• [BRIEF]: As you restate the entries, keep every word intact and leave out whatever images they hold.

== RECORDS PROVIDED ==

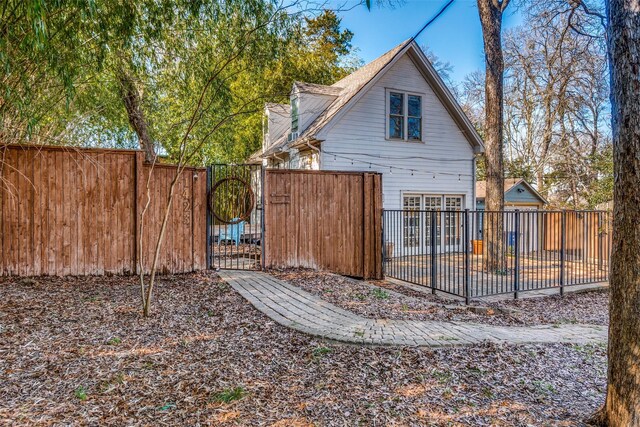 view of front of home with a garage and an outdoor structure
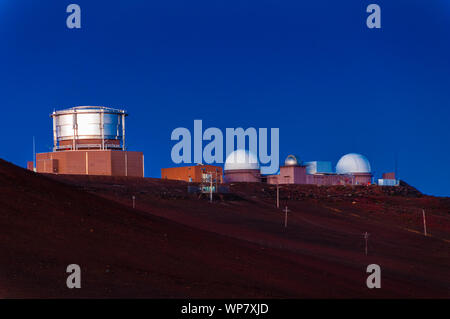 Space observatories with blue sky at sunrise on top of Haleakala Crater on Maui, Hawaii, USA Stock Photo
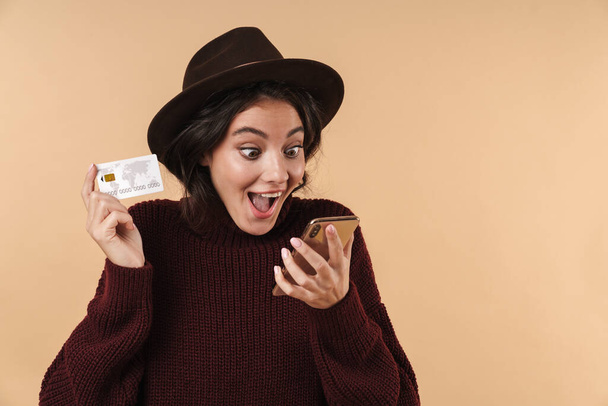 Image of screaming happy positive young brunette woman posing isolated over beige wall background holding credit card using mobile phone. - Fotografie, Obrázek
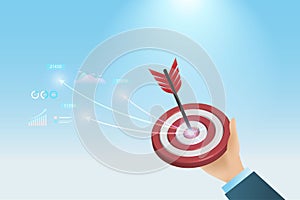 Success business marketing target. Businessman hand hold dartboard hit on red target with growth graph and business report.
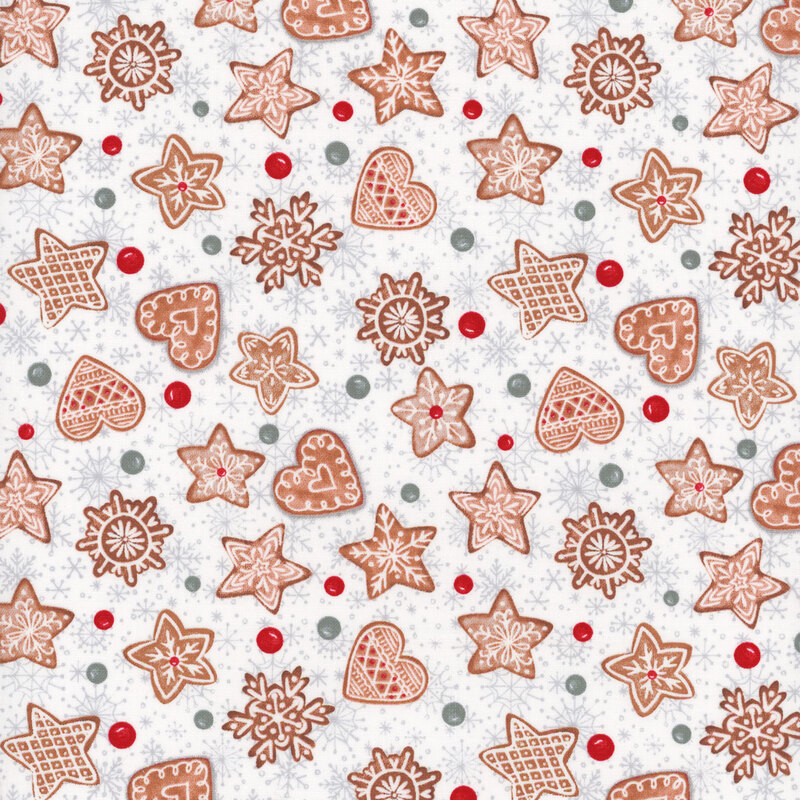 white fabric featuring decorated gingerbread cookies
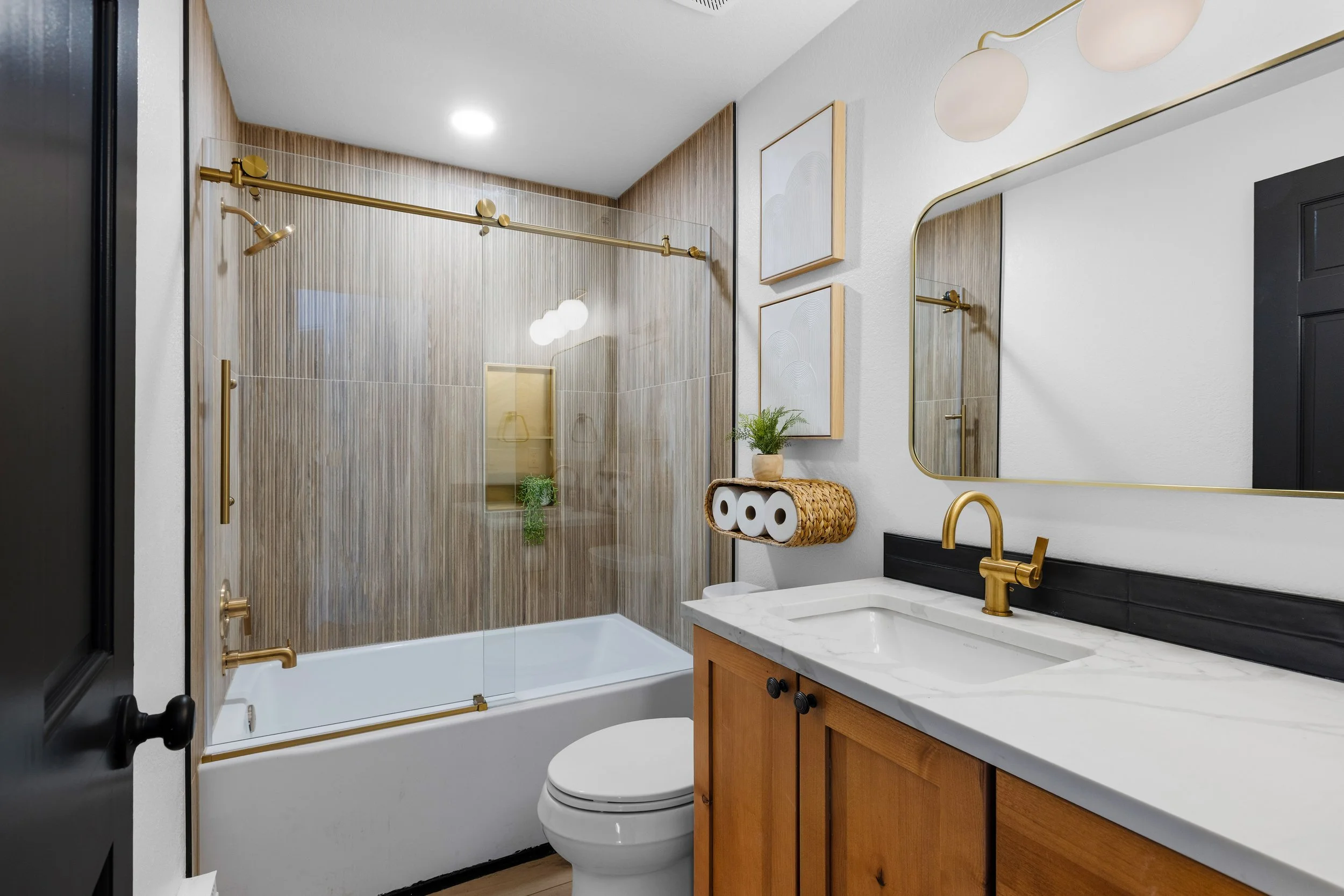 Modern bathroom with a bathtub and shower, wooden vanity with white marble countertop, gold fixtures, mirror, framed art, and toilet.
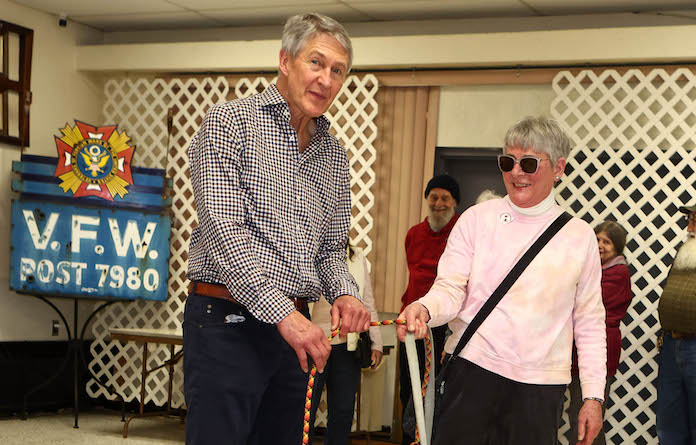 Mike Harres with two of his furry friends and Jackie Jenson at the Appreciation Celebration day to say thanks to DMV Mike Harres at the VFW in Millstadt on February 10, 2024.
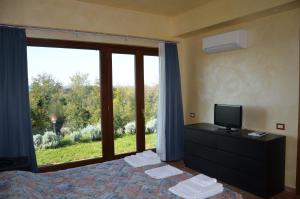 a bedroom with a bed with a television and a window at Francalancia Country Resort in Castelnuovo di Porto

===

• [YOUR RESPONSE]:
 view of front of home with a garage and an outdoor structure
 Space observatories with blue sky at sunrise on top of Haleakala Crater on Maui, Hawaii, USA Stock Photo
 Image of screaming happy positive young brunette woman posing isolated over beige wall background holding credit card using mobile phone. - Fotografie, Obrázek
 Success business marketing target. Businessman hand hold dartboard hit on red target with growth graph and business report.
 white fabric featuring decorated gingerbread cookies
 Modern bathroom with a bathtub and shower, wooden vanity with white marble countertop, gold fixtures, mirror, framed art, and toilet.
 Mike Harres with two of his furry friends and Jackie Jenson at the Appreciation Celebration day to say thanks to DMV Mike Harres at the VFW in Millstadt on February 10, 2024.
 a bedroom with a bed with a television and a window at Francalancia Country Resort in Castelnuovo di Porto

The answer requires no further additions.